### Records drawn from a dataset
BEGIN
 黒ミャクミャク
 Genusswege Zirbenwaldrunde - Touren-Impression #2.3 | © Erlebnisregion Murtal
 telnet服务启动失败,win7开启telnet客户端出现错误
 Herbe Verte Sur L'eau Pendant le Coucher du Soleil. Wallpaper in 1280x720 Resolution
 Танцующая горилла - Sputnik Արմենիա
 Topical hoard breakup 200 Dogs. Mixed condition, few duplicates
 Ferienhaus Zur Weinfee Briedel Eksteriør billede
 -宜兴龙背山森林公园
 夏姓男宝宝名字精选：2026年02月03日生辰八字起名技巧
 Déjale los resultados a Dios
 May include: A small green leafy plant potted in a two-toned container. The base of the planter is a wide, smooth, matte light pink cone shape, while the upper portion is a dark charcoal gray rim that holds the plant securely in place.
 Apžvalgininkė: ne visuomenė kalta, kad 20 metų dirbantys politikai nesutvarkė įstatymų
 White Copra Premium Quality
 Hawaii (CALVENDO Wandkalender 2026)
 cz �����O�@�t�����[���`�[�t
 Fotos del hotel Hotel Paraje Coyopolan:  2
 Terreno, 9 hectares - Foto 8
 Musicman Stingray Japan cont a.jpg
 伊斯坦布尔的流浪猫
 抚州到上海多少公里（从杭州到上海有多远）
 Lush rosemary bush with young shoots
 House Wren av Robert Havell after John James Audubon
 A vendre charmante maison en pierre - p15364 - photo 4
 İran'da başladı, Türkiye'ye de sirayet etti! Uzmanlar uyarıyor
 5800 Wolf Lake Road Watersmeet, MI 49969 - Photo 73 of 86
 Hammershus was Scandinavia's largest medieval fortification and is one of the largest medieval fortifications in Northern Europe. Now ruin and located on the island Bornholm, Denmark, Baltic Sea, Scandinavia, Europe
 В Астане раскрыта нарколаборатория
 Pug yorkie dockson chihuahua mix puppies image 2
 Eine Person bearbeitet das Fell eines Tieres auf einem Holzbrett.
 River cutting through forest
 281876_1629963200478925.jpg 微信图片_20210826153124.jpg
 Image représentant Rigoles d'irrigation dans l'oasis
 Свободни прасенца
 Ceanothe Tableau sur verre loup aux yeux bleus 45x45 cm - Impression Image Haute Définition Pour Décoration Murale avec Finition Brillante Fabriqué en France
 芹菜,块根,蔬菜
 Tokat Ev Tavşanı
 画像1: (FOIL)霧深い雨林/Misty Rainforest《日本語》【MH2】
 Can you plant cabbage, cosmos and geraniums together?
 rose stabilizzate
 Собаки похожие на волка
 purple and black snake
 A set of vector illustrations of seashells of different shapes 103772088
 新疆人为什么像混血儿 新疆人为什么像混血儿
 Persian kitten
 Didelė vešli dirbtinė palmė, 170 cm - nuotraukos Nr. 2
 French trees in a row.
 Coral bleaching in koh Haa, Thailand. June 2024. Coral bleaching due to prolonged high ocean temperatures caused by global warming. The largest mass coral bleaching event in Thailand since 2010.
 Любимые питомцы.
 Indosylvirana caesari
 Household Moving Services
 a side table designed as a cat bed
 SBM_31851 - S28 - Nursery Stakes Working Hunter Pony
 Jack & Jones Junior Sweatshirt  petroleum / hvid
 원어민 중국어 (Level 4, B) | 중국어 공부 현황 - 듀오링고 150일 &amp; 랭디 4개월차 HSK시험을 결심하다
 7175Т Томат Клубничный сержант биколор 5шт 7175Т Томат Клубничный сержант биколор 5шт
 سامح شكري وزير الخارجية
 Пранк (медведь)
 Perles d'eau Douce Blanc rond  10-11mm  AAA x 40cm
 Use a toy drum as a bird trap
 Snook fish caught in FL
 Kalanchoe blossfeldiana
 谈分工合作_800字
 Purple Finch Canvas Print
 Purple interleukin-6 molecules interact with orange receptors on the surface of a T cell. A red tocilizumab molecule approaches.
END
### Task item
Set down the records again without altering a word.

### Result
 黒ミャクミャク
 Genusswege Zirbenwaldrunde - Touren-Impression #2.3 | © Erlebnisregion Murtal
 telnet服务启动失败,win7开启telnet客户端出现错误
 Herbe Verte Sur L'eau Pendant le Coucher du Soleil. Wallpaper in 1280x720 Resolution
 Танцующая горилла - Sputnik Արմենիա
 Topical hoard breakup 200 Dogs. Mixed condition, few duplicates
 Ferienhaus Zur Weinfee Briedel Eksteriør billede
 -宜兴龙背山森林公园
 夏姓男宝宝名字精选：2026年02月03日生辰八字起名技巧
 Déjale los resultados a Dios
 May include: A small green leafy plant potted in a two-toned container. The base of the planter is a wide, smooth, matte light pink cone shape, while the upper portion is a dark charcoal gray rim that holds the plant securely in place.
 Apžvalgininkė: ne visuomenė kalta, kad 20 metų dirbantys politikai nesutvarkė įstatymų
 White Copra Premium Quality
 Hawaii (CALVENDO Wandkalender 2026)
 cz �����O�@�t�����[���`�[�t
 Fotos del hotel Hotel Paraje Coyopolan:  2
 Terreno, 9 hectares - Foto 8
 Musicman Stingray Japan cont a.jpg
 伊斯坦布尔的流浪猫
 抚州到上海多少公里（从杭州到上海有多远）
 Lush rosemary bush with young shoots
 House Wren av Robert Havell after John James Audubon
 A vendre charmante maison en pierre - p15364 - photo 4
 İran'da başladı, Türkiye'ye de sirayet etti! Uzmanlar uyarıyor
 5800 Wolf Lake Road Watersmeet, MI 49969 - Photo 73 of 86
 Hammershus was Scandinavia's largest medieval fortification and is one of the largest medieval fortifications in Northern Europe. Now ruin and located on the island Bornholm, Denmark, Baltic Sea, Scandinavia, Europe
 В Астане раскрыта нарколаборатория
 Pug yorkie dockson chihuahua mix puppies image 2
 Eine Person bearbeitet das Fell eines Tieres auf einem Holzbrett.
 River cutting through forest
 281876_1629963200478925.jpg 微信图片_20210826153124.jpg
 Image représentant Rigoles d'irrigation dans l'oasis
 Свободни прасенца
 Ceanothe Tableau sur verre loup aux yeux bleus 45x45 cm - Impression Image Haute Définition Pour Décoration Murale avec Finition Brillante Fabriqué en France
 芹菜,块根,蔬菜
 Tokat Ev Tavşanı
 画像1: (FOIL)霧深い雨林/Misty Rainforest《日本語》【MH2】
 Can you plant cabbage, cosmos and geraniums together?
 rose stabilizzate
 Собаки похожие на волка
 purple and black snake
 A set of vector illustrations of seashells of different shapes 103772088
 新疆人为什么像混血儿 新疆人为什么像混血儿
 Persian kitten
 Didelė vešli dirbtinė palmė, 170 cm - nuotraukos Nr. 2
 French trees in a row.
 Coral bleaching in koh Haa, Thailand. June 2024. Coral bleaching due to prolonged high ocean temperatures caused by global warming. The largest mass coral bleaching event in Thailand since 2010.
 Любимые питомцы.
 Indosylvirana caesari
 Household Moving Services
 a side table designed as a cat bed
 SBM_31851 - S28 - Nursery Stakes Working Hunter Pony
 Jack & Jones Junior Sweatshirt  petroleum / hvid
 원어민 중국어 (Level 4, B) | 중국어 공부 현황 - 듀오링고 150일 &amp; 랭디 4개월차 HSK시험을 결심하다
 7175Т Томат Клубничный сержант биколор 5шт 7175Т Томат Клубничный сержант биколор 5шт
 سامح شكري وزير الخارجية
 Пранк (медведь)
 Perles d'eau Douce Blanc rond  10-11mm  AAA x 40cm
 Use a toy drum as a bird trap
 Snook fish caught in FL
 Kalanchoe blossfeldiana
 谈分工合作_800字
 Purple Finch Canvas Print
 Purple interleukin-6 molecules interact with orange receptors on the surface of a T cell. A red tocilizumab molecule approaches.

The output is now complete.